A riskier entry, Roy Lichtenstein’s “Woman with Peanuts” (1962), depicting a smiling server in uniform against an intense yellow background, sold to another anonymous telephone bidder for the evening’s top lot price of $10,505,000 (est. $10 million-$15 million). It had last been offered at auction at Christie’s New York in November 2003, when it went unsold against a $2.5 million-$3.5 million pre-sale estimate.
It sure looks like times and prices have changed.
There were other Pop Art offerings in the mix, including Andy Warhol’s menacing 16-by-20-inch “Gun” (1982), which went for $1,685,000 (est. $1.5 million-$2.5 million), and his early, diagrammatic “Dance Steps” (1962), a pencil on paper work that sold to Alberto Mugrabi for $1,445,000, (est. $1.2 million-$1.8 million). It carried a third party guarantee and had last sold at Sotheby’s New York in November 2007 for $825,000.
Ed Ruscha’s “Higher Standards/Lower Prices” (2007), a cinematic diptych featuring craggy and snow-capped mountain peaks, sold to Larry Gagoisan, the artist’s longtime dealer, for $2,405,000 (est. $1.5 million-$2.5 million). It had last sold at Phillips de Pury & Company in May 2010 for $1,426,500.
Phillips is not usually a salesroom for Abstract Expressionist masters, and indeed Mark Rothko’s late and brooding “Untitled (Black on Gray)” (1969-70) — a work that had been on loan from the seller to the Philadelphia Museum of Art — went unsold at an imaginary bid of $9 million (est. $10 million-$15 million). (Auctioneers are allowed to place bids on behalf of the consignor up to the reserve price placed on the lot, the minimum a seller is willing to let the work go for.) It had last been offered at Christie’s New York in November 2010, when it went unsold at the same estimate. You can't blame Phillips or the spurned seller for trying.
David Hockney’s “The Eighteenth V.N. Painting” (1992) sold to the London dealer Offer Waterman for $869,000 (est. $450,000-$550,000). The New York art advisor Mary Hoeveler was the underbidder.
“It was a very reasonable price,” opined Waterman as he exited the salesroom.
Another classic offering, Kazuo Shirago’s Ab-Ex style, made-in-Japan painting “Keishizoku” (1961), sold for a record $3,973,000 (est. $2 million-$3 million).
Neal Meltzer, seated in the front row of the poorly sighted salesroom, was the underbidder.
Other offerings by younger, still living, mid-career art stars included Wade Guyton’s “Untitled” (2006), an Epson UltraChrome Inkjet on linen painting, which realized $725,000 (est. $600,000-$800,000.)
“Overall,” said Michael McGinnis, Phillips’s CEO and world-wide head of contemporary art, “it was a very competitive atmosphere.”

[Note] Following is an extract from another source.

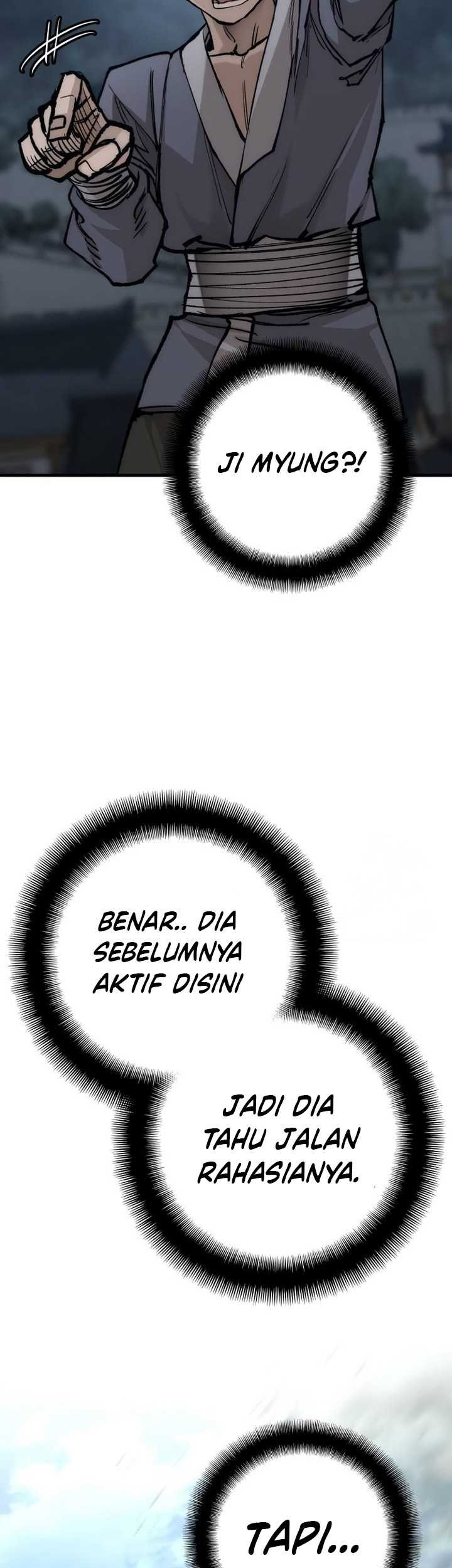 Heavenly Demon Cultivation Simulation chapter 128 halaman 54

Phillips made an 11th-hour decision to move its auction from Thursday to Monday, ahead of the auction duopoly Christie’s and Sotheby’s, and it was clearly the right one.
“It was a last minute decision to get people while they’re fresh and probably will be our pattern going forward,” McGinnis said.
The evening action resumes at Christie’s on Tuesday with enormous pre-sale expectations pegged in the region of $500 million.